Read Receipts and Presence

class PresenceService:
    def __init__(self, redis_client):
        self.redis = redis_client

    async def set_online(self, user_id: str):
        await self.redis.setex(f"online:{user_id}", 60, "1")  # TTL 60s; refresh on heartbeat
        await self.redis.set(f"last_seen:{user_id}", datetime.utcnow().isoformat())
        # Broadcast online status to active conversations
        await self._broadcast_presence(user_id, online=True)

    async def set_offline(self, user_id: str):
        await self.redis.delete(f"online:{user_id}")
        await self._broadcast_presence(user_id, online=False)

    async def is_online(self, user_id: str) -> bool:
        return bool(await self.redis.get(f"online:{user_id}"))

    async def get_last_seen(self, user_id: str) -> Optional[str]:
        return await self.redis.get(f"last_seen:{user_id}")

class ReadReceiptService:
    async def mark_read(self, user_id: str, conversation_id: str,
                        up_to_message_id: str):
        # Update last_read_id for this user in this conversation
        await conversations_db.update_last_read(user_id, conversation_id, up_to_message_id)

        # Notify message senders (for double blue tick)
        unread_messages = await message_store.get_unread(
            conversation_id, user_id, up_to_message_id
        )
        for msg in unread_messages:
            await self.conn_mgr.send_to_user(msg.sender_id, {
                'type': 'read_receipt',
                'conversation_id': conversation_id,
                'message_id': msg.message_id,
                'read_by': user_id
            })

Group Messaging

class GroupMessageService:
    """
    Group messages require fan-out to all members.
    Strategy: server-side fan-out for small groups (<500 members)
    For large groups (channels): fan-out on read.
    """
    async def send_group_message(self, sender_id: str, group_id: str,
                                  message: Message):
        # Persist once for the group
        await message_store.save(message)

        # Get all group members
        members = await group_service.get_members(group_id)
        members = [m for m in members if m != sender_id]

        # Fan-out delivery to all members
        tasks = [
            self.deliver_to_member(message, member_id)
            for member_id in members
        ]
        await asyncio.gather(*tasks, return_exceptions=True)
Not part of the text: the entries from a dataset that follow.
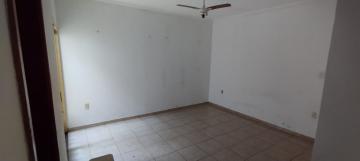 Alugar Casa / Padr&atilde;o em S&atilde;o Jos&eacute; do Rio Preto R$ 1.400,00 - Foto 2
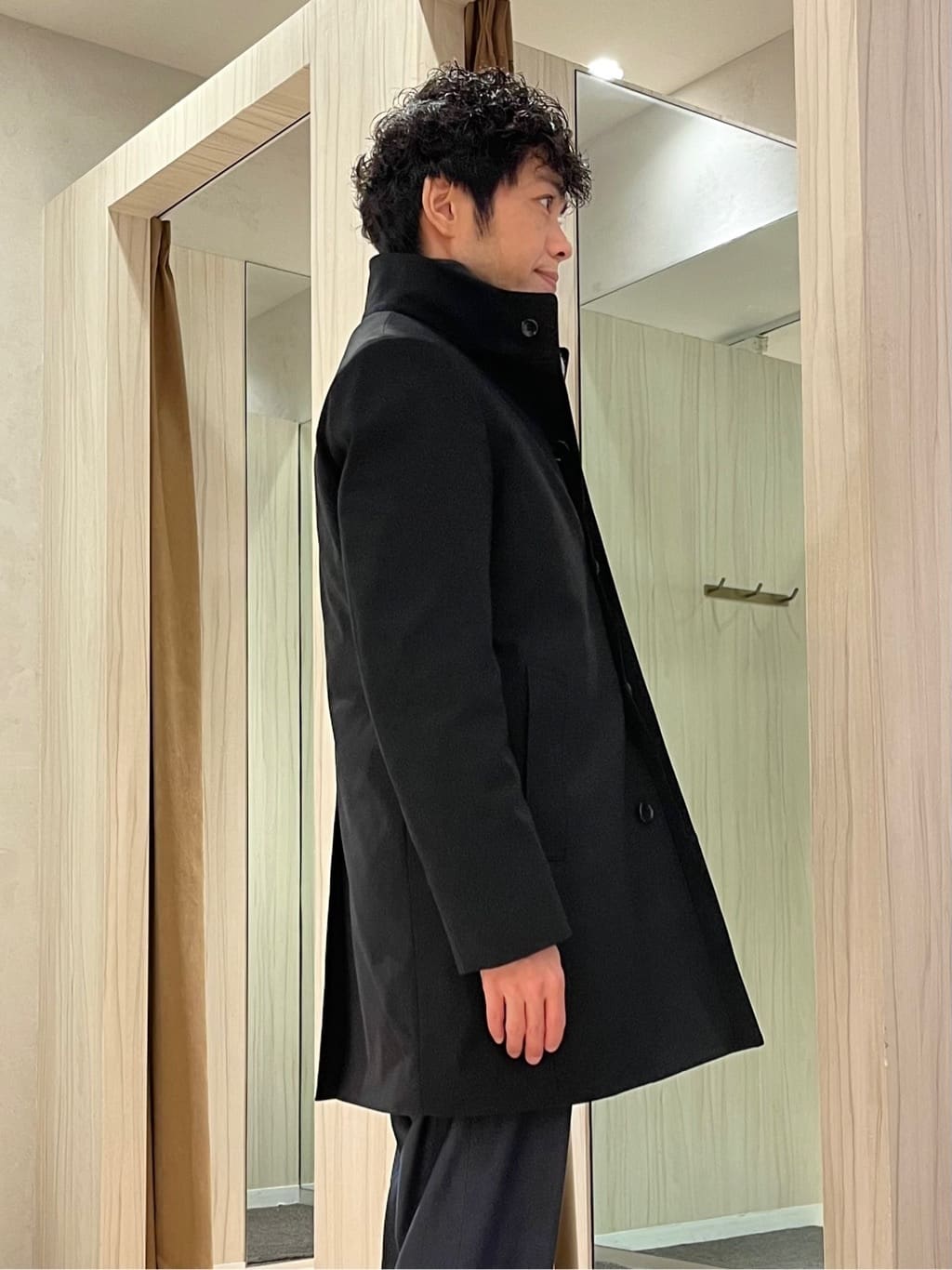 URAさんの「TAKEO KIKUCHI｜【ダウンライナー付き】ドビースタンドカラーコート」を使ったコーディネート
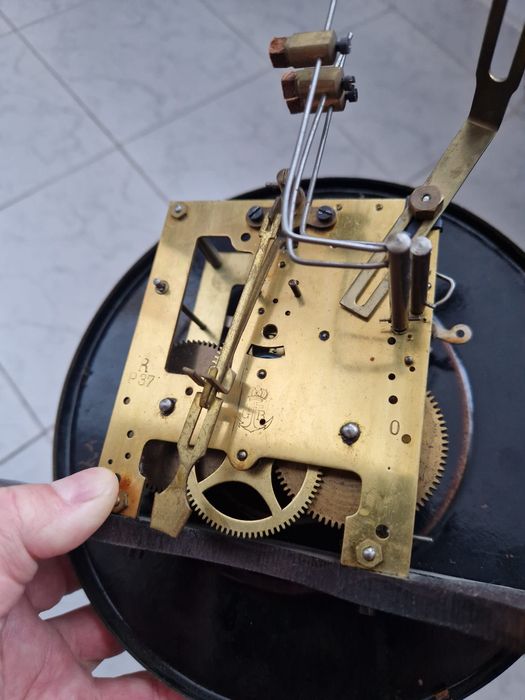 Pendula ceas Gustav Becker ,mecanism p37,totul original,geamuri,cheie,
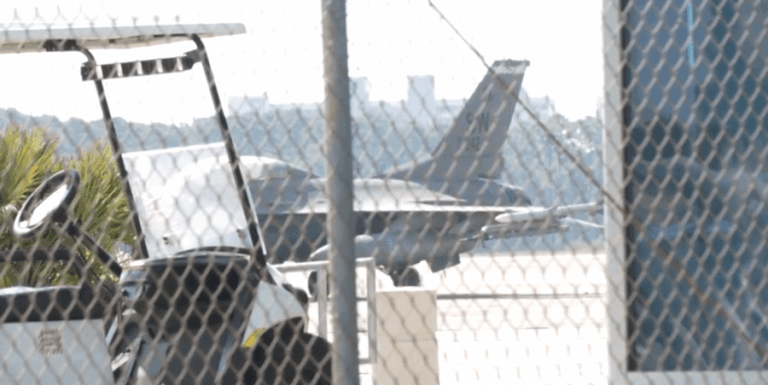 2 истребителя F-16 благополучно отправляются в международный аэропорт Миртл-Бич, сообщили военные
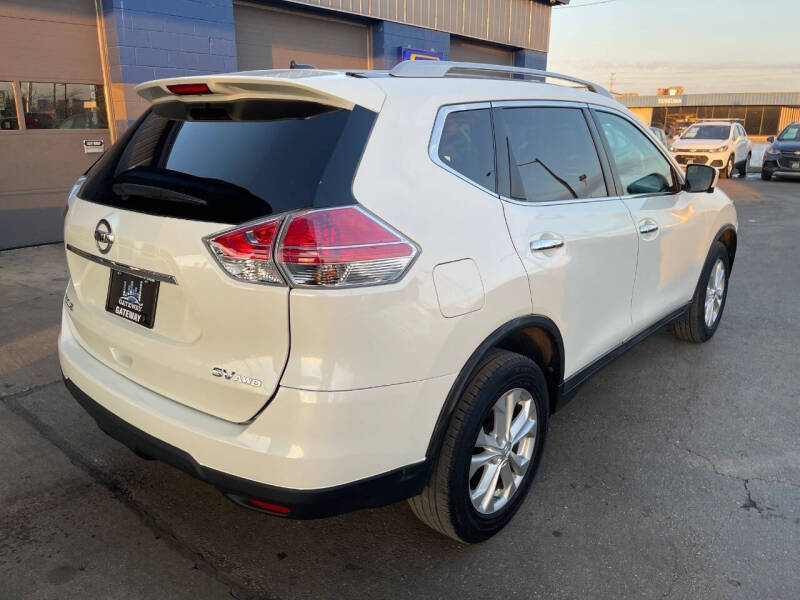 2015 Nissan Rogue SV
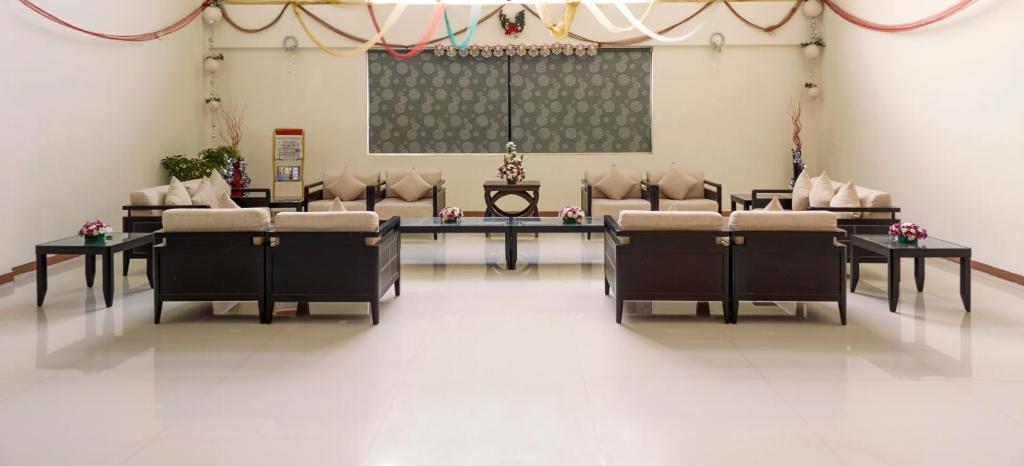 Shared lounge/TV area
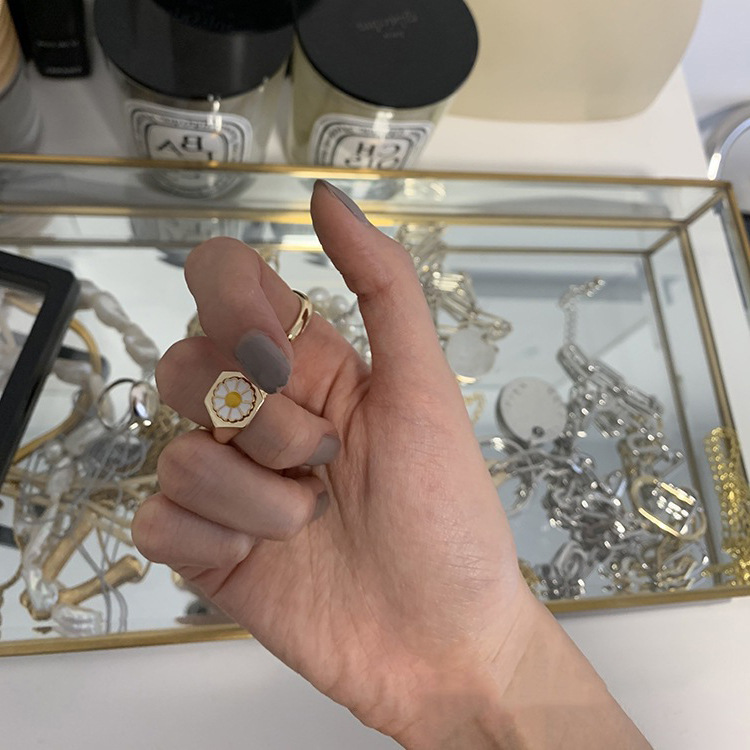 Korean Version Of S925 Silver Retro Fashionable Wide-Brimmed Daisy Lucky Four-Leaf Clover Tulip Flower Ring
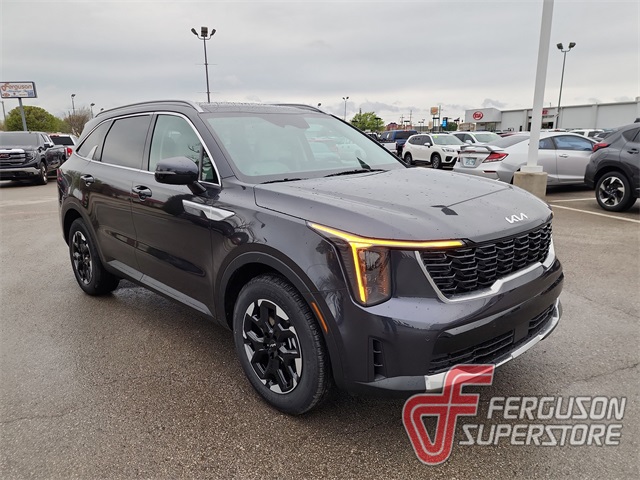 2025 Kia Sorento S's photo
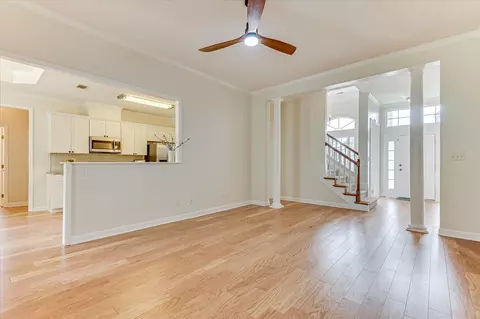 Living - 657 Cornerstone Pl, Evans, GA 30809 photo 4 of 4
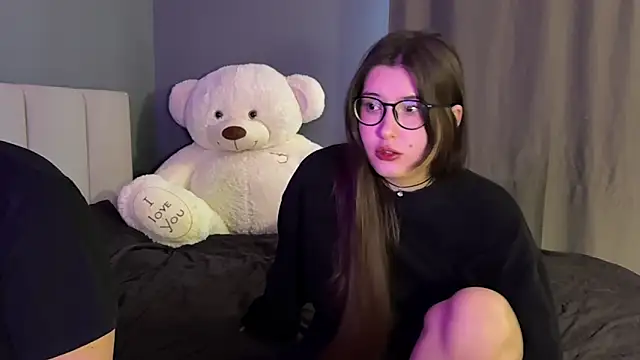 Snapshot of sasaykyra chatting on 03/07/26, 03:25 sasaykyra online show from 03/07/26, 03:25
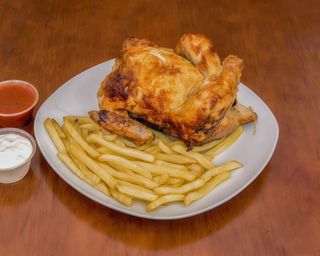 Pollo Asado Con Patatas Fritas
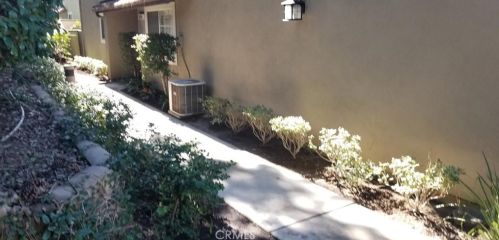 8064 Snowberry Ln, Anaheim, CA 92808-1946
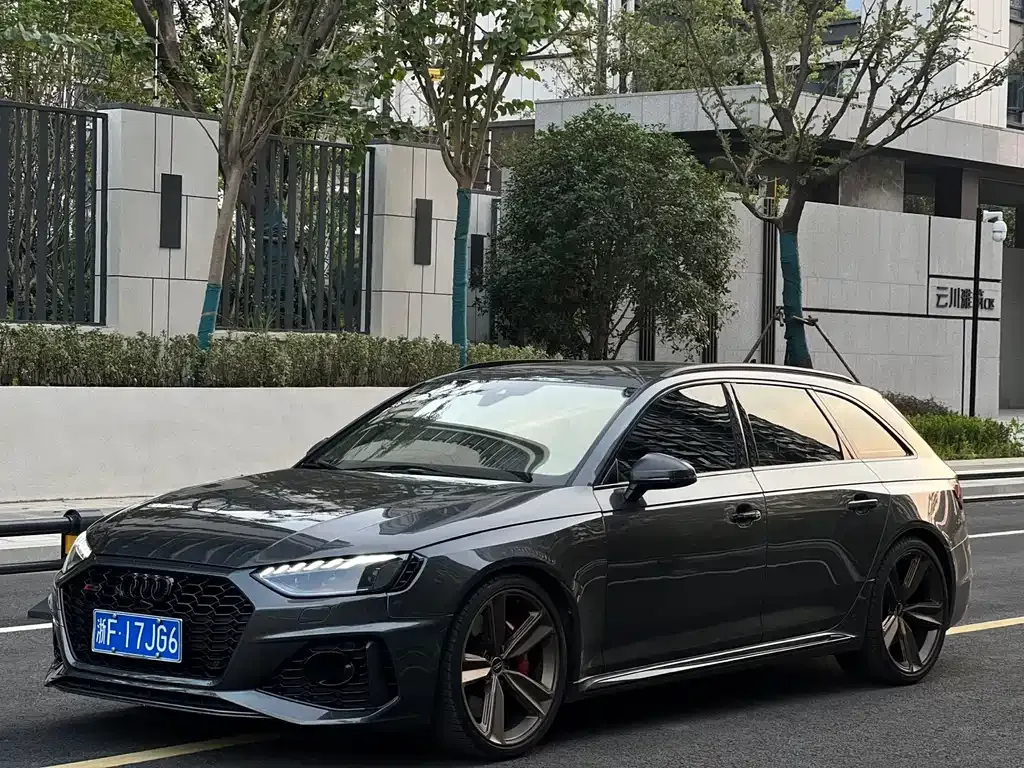 Audi RS 4 — фото 1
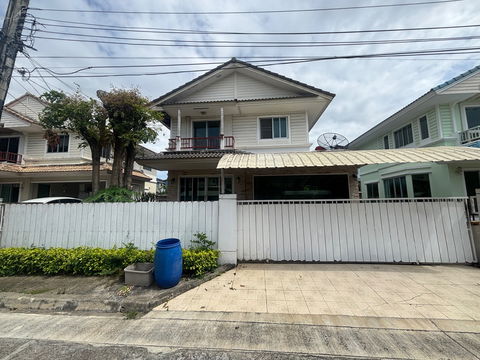 Pruksa Lada 1 single house, good location, cheap price in Rama 2 area 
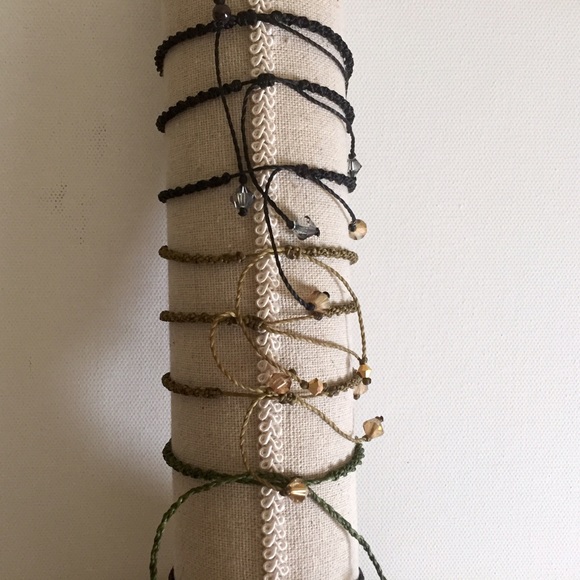 ✨HP✨Gorgeous Hand Made Corazon Con Alas Bracelet - Picture 6 of 6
    async def deliver_to_member(self, message: Message, member_id: str):
        delivered = await self.conn_mgr.send_to_user(member_id, {
            'type': 'group_message', 'message': message.__dict__
        })
        if not delivered:
            await notification_service.send_push(member_id, message)

End-to-End Encryption (Signal Protocol)

WhatsApp uses the Signal Protocol for E2E encryption. Key concepts:

  • Key exchange: X3DH (Extended Triple Diffie-Hellman) — establishes a shared secret between devices without the server ever seeing it
  • Message encryption: Double Ratchet Algorithm — generates a new encryption key for each message; past messages cannot be decrypted even if current key is compromised (forward secrecy)
  • Server role: Stores and relays ciphertext only. Cannot decrypt content. Stores public keys (identity keys, one-time prekeys) to enable key exchange for offline recipients.

Interview Discussion Points

  • Message ordering: Use vector clocks or logical timestamps (Lamport timestamps) for causal ordering across distributed servers
  • Exactly-once delivery: Client-side deduplication using message_id prevents duplicate display if network retries deliver twice
  • Scaling WebSockets: Each chat server handles ~50K-100K concurrent connections; server routing table (Redis) maps user_id to server_id
  • Media messages: Client uploads directly to S3; sends only the media URL in the message; recipient downloads independently from CDN
  • Message search: Client-side search over locally stored messages (E2E encrypted prevents server-side indexing)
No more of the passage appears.